Exercise data: Begin

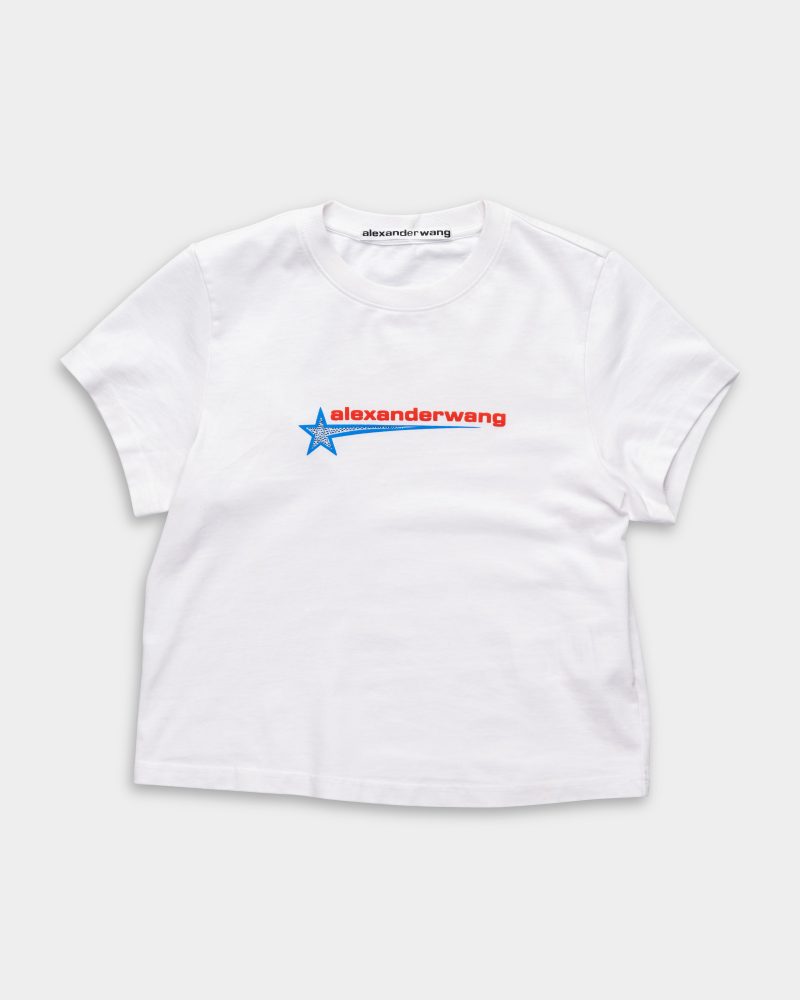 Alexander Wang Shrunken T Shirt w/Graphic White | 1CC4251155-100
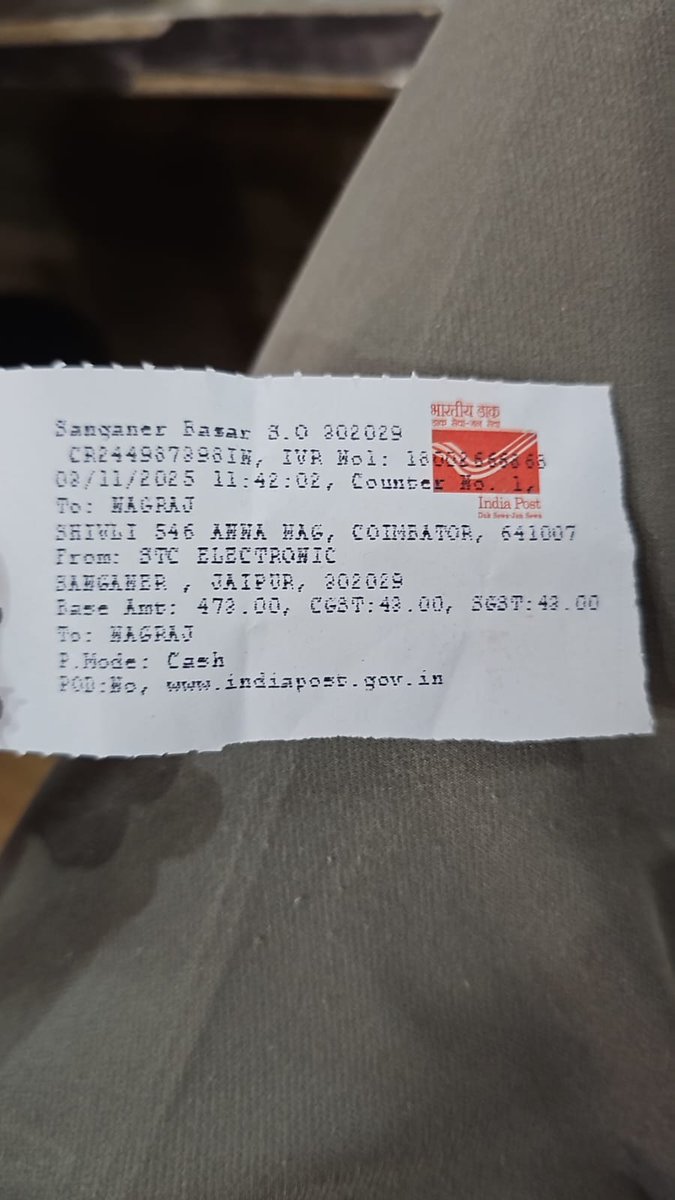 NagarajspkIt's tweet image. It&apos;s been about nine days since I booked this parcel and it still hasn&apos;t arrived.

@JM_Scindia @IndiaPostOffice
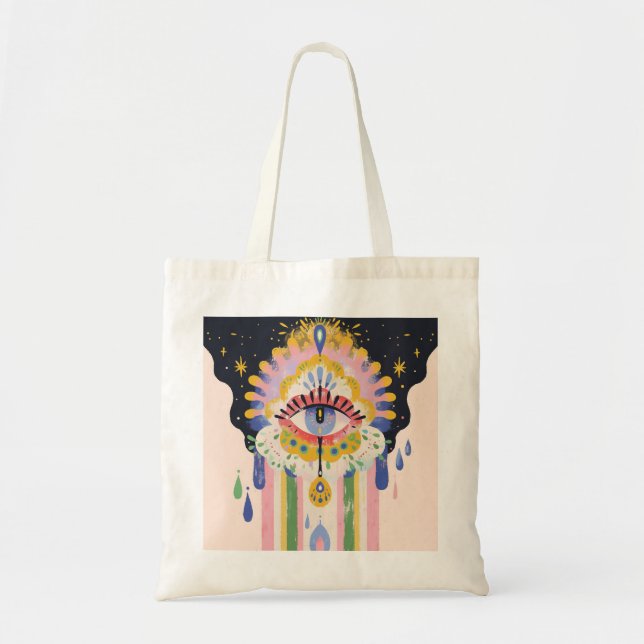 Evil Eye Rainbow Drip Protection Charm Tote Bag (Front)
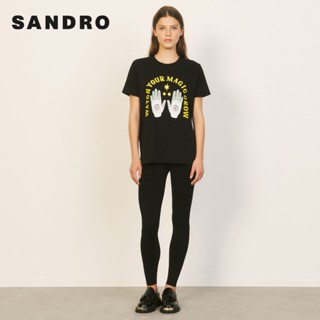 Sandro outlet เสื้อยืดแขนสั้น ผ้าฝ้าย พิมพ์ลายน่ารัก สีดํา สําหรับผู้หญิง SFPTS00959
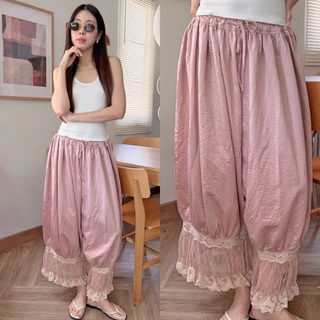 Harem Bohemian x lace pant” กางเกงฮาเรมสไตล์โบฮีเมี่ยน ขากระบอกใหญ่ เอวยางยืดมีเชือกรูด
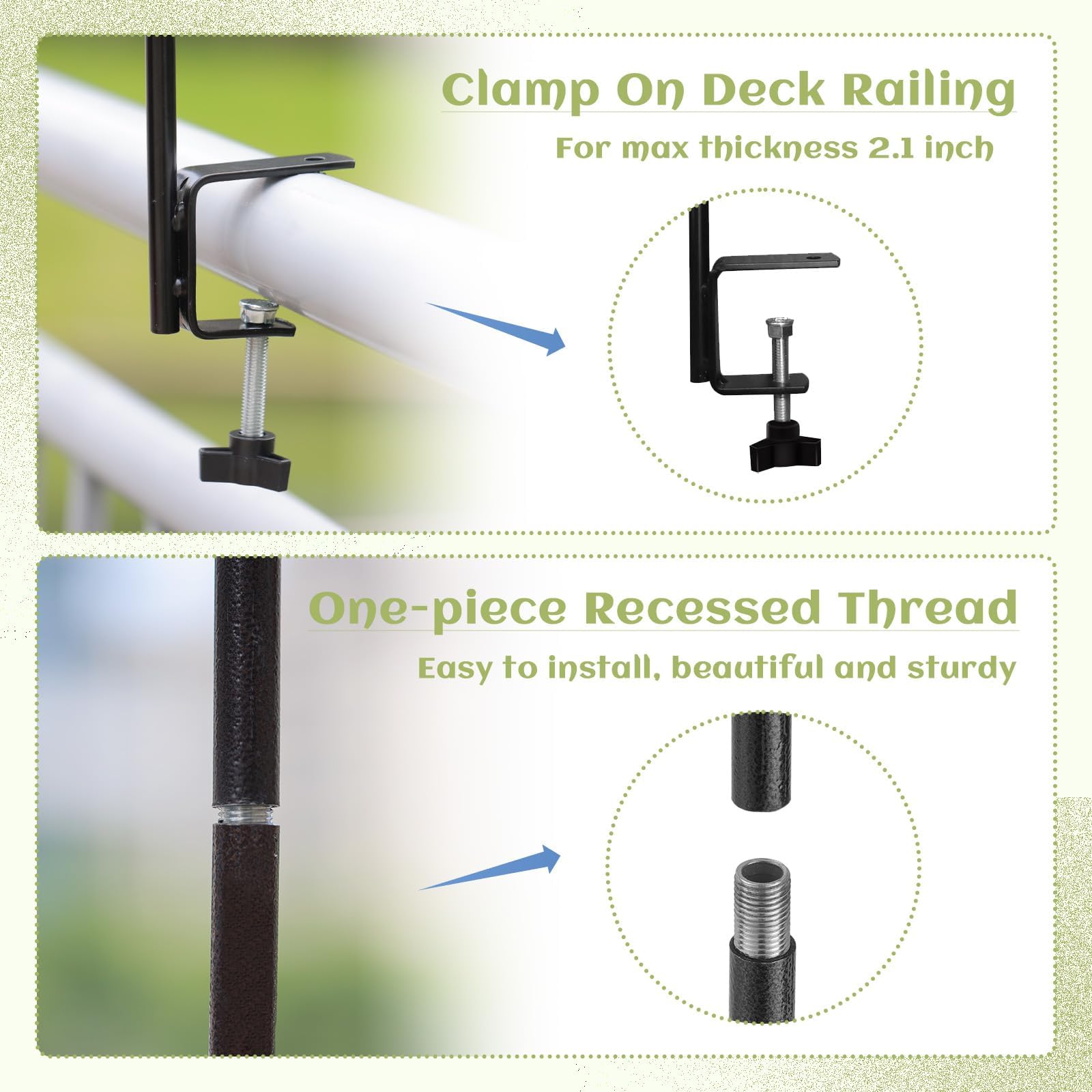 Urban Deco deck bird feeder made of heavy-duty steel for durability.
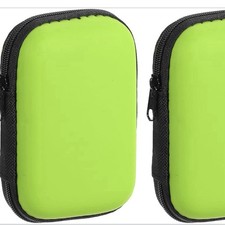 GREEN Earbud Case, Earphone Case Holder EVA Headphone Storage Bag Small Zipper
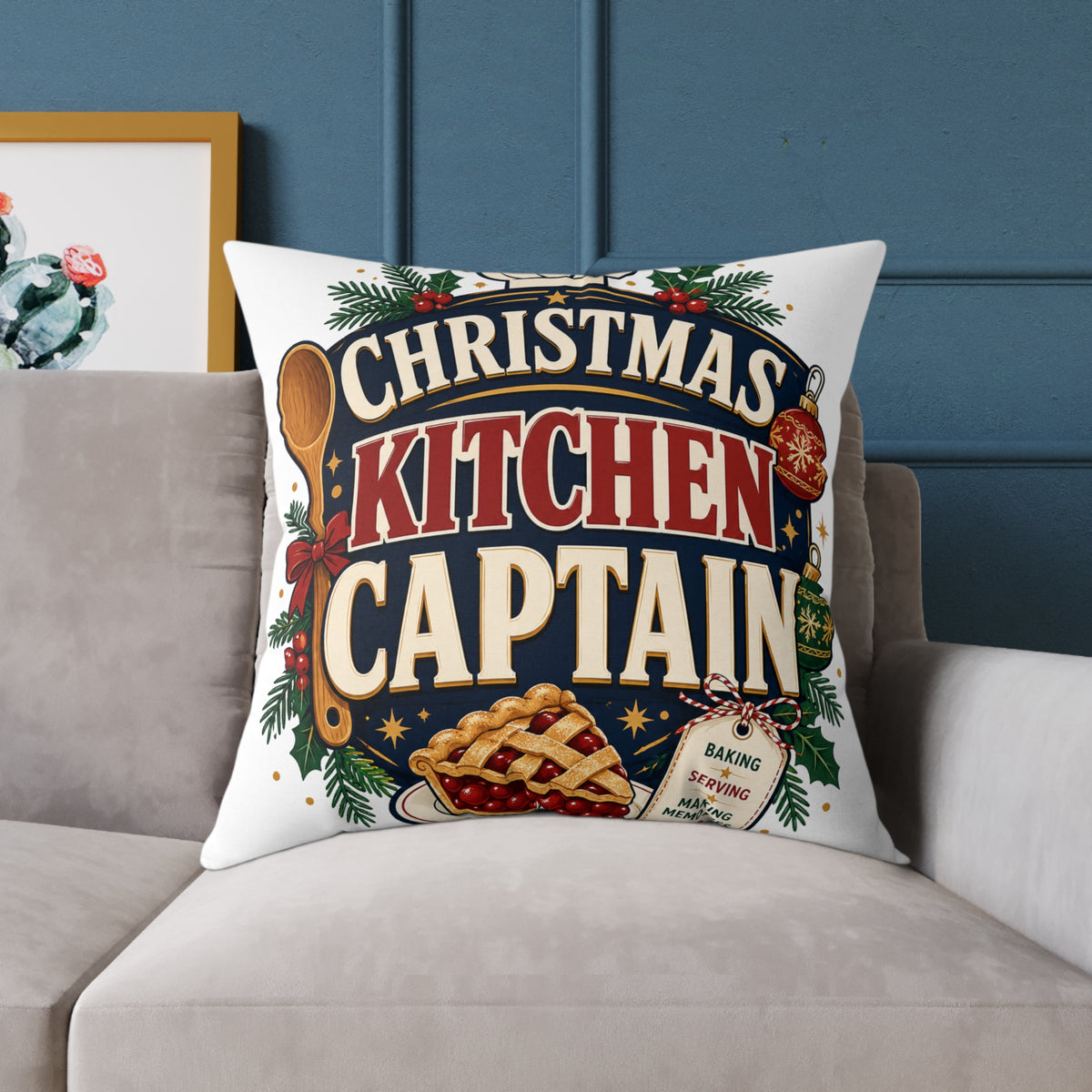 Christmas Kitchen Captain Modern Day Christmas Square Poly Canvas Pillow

Exercise data: End
Exercise data: Begin

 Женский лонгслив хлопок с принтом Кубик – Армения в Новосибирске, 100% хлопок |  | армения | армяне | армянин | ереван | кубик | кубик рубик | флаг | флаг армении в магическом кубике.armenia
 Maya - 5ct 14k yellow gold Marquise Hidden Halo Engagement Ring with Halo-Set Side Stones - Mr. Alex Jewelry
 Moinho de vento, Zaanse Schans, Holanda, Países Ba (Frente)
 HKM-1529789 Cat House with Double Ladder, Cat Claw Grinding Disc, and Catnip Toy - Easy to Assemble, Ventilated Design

Exercise data: End
Exercise data: Begin

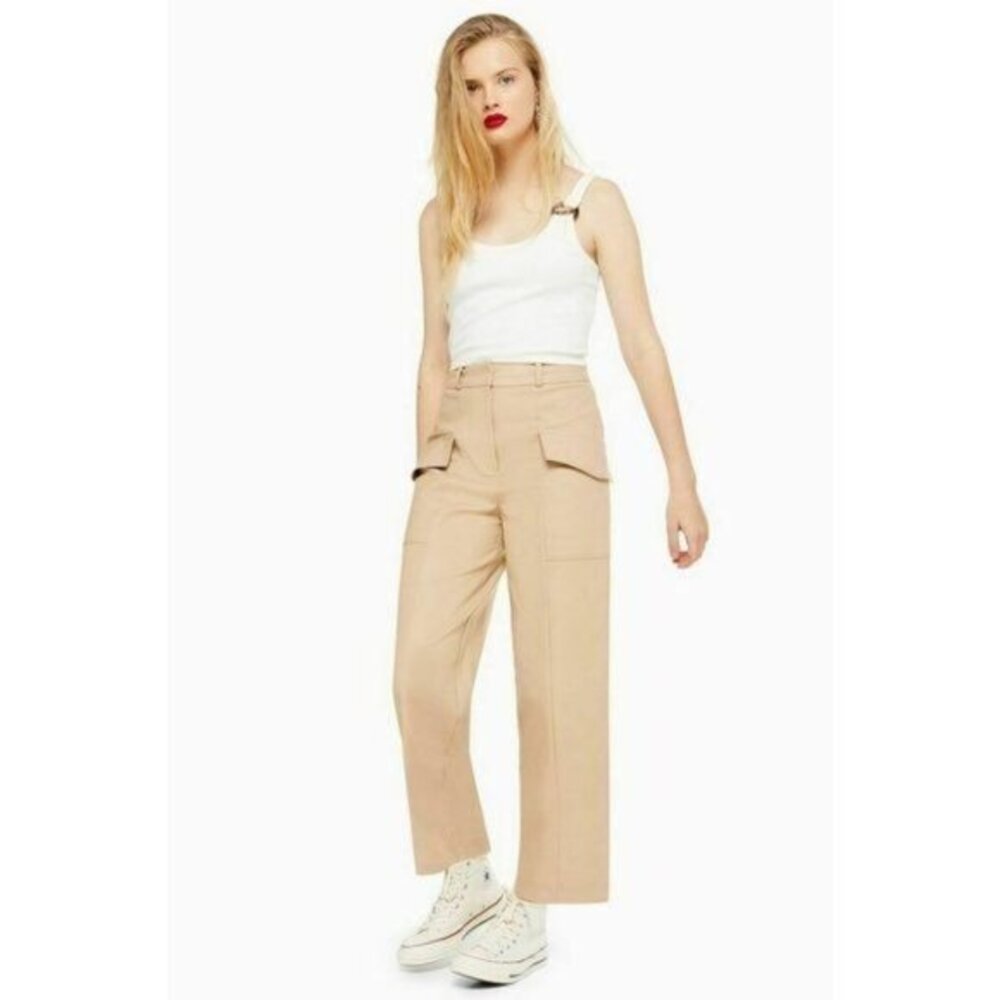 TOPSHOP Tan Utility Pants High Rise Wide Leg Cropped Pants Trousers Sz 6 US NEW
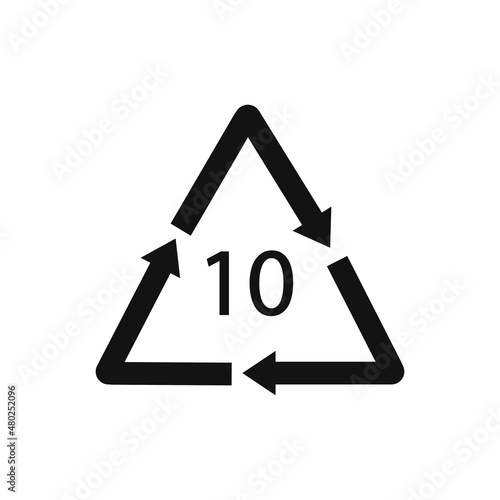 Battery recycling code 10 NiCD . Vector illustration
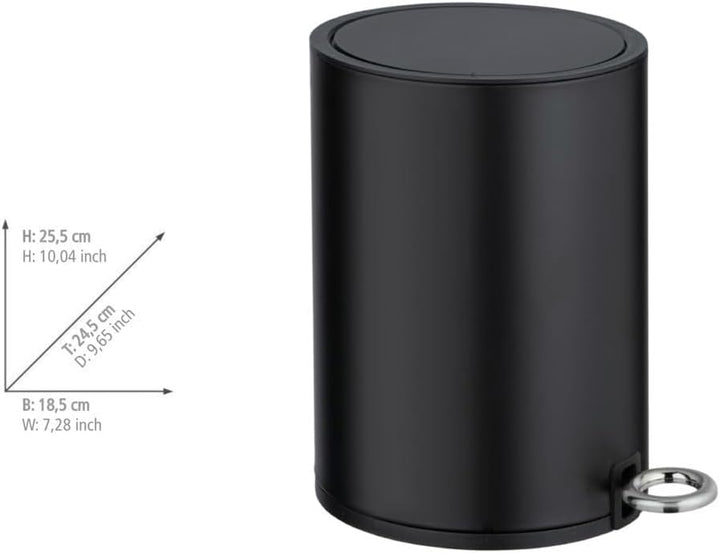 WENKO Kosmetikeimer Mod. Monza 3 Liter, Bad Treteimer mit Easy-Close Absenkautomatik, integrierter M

Exercise data: End

> _Work required_: Retype the lines above exactly as they appear, from the line containing "Sandro outlet เสื้อยืดแขนสั้น" through the line containing "Christmas Kitchen Captain", and leave out any pictures.

> _Reply_:
 Sandro outlet เสื้อยืดแขนสั้น ผ้าฝ้าย พิมพ์ลายน่ารัก สีดํา สําหรับผู้หญิง SFPTS00959
 Harem Bohemian x lace pant” กางเกงฮาเรมสไตล์โบฮีเมี่ยน ขากระบอกใหญ่ เอวยางยืดมีเชือกรูด
 Urban Deco deck bird feeder made of heavy-duty steel for durability.
 GREEN Earbud Case, Earphone Case Holder EVA Headphone Storage Bag Small Zipper
 Christmas Kitchen Captain Modern Day Christmas Square Poly Canvas Pillow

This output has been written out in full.